The social change enlightenment will break down the division between online and offline activity. When we socialize change through smart interactive campaigns, we put a common digital brain in the bodies of engaged citizens. The swarm lives!
3. Empower entrepreneurs to engage with social change initiatives. The most talented people in the world are not necessarily working for social change organizations. This doesn’t mean that they are not willing to pitch in and get involved. This is a third area where smart data can drastically improve the fortunes of the social change sector. The social change enlightenment needs a next generation social network to draw top talent from about the world and help them interface and engage with problems and solutions. Since talented people are inspired by innovation, this network needs to showcase the smart data and social innovation strategies outlined above, and enable users to employ these tools and strategies in their own initiatives. Crucially, it should enable social entrepreneurs to promote the successes that they are having in their campaigns, and to promote themselves as leading edge changemakers too.

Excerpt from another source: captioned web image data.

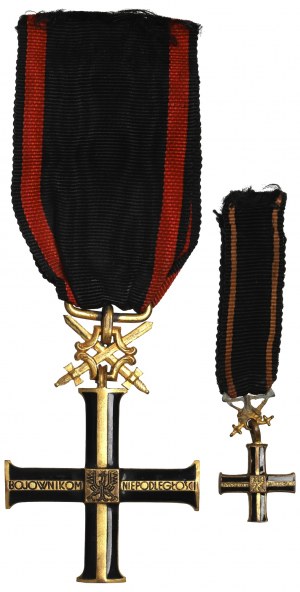 Second Republic, Cross of Independence with Swords and Miniature - Gontarczyk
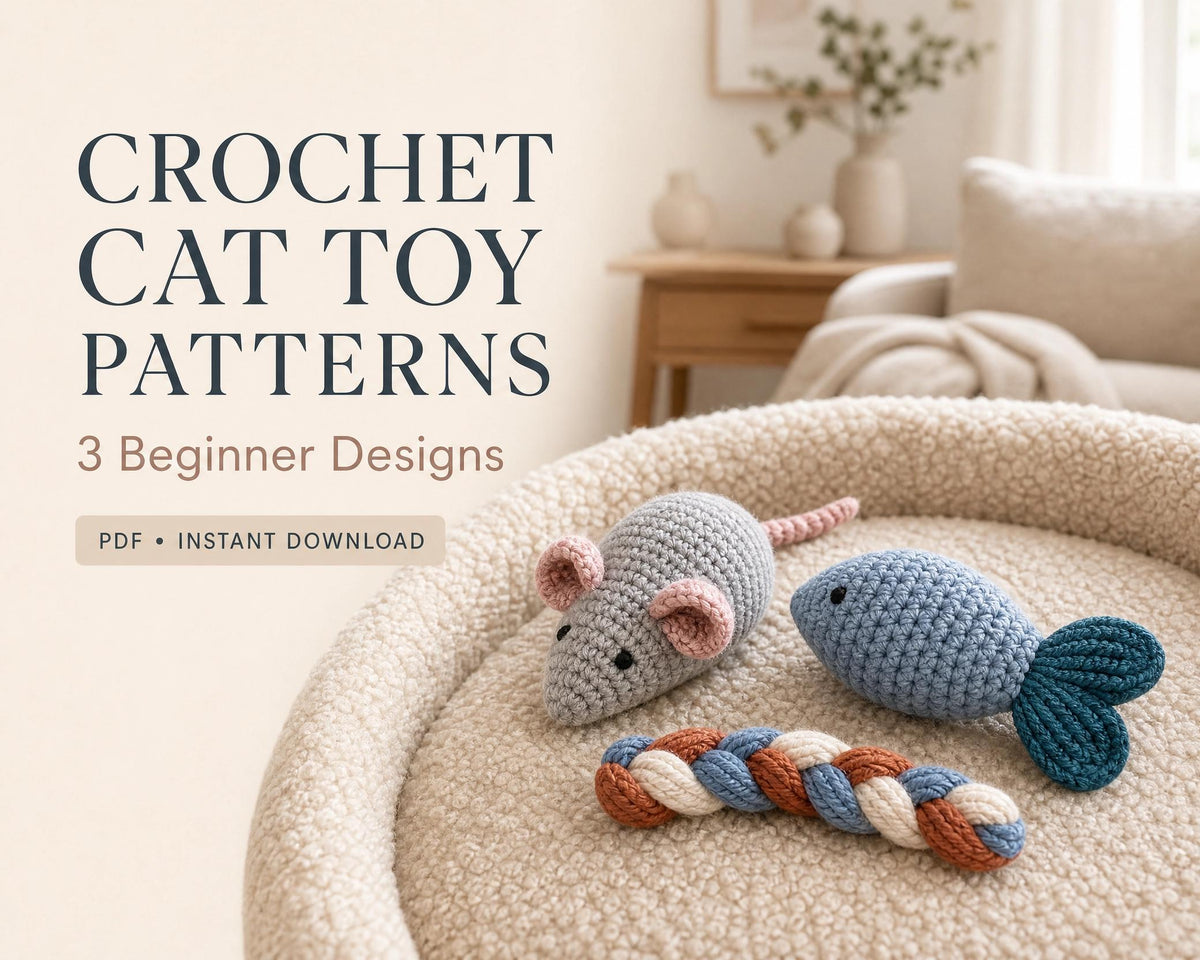 Crochet Cat Toy Patterns PDF, 3 Beginner Designs: Mouse, Fish & Braid, Digital Download, US Terms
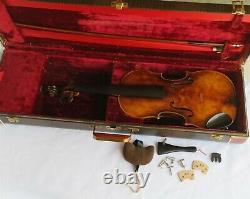 Vtg / Antique Antonius Stradiuarius 4/4 Violon Avec Bow & Case Allemagne Made Nice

Exponents of the historical enlightenment didn’t advance their cause by hiding in silos. They joined communities, like the Royal Society, and published their results in public journals. The social change enlightenment will use the power of the internet, history’s greatest public resource, to aggregate new communities of activists and entrepreneurs to tackle the challenges of the future. These challenges are vast and our success is not guaranteed. But the opportunity we have today to rapidly accelerate our impact is cause for hope. Samuel Smiles once said: ‘Hope is the companion of power, and mother of success; for who so hopes strongly has within him the gift of miracles’.
Our collective capacity today is truly miraculous. We need tools to transform this capacity into millions of enlightened actions.
These tools are coming. Vive la revolution!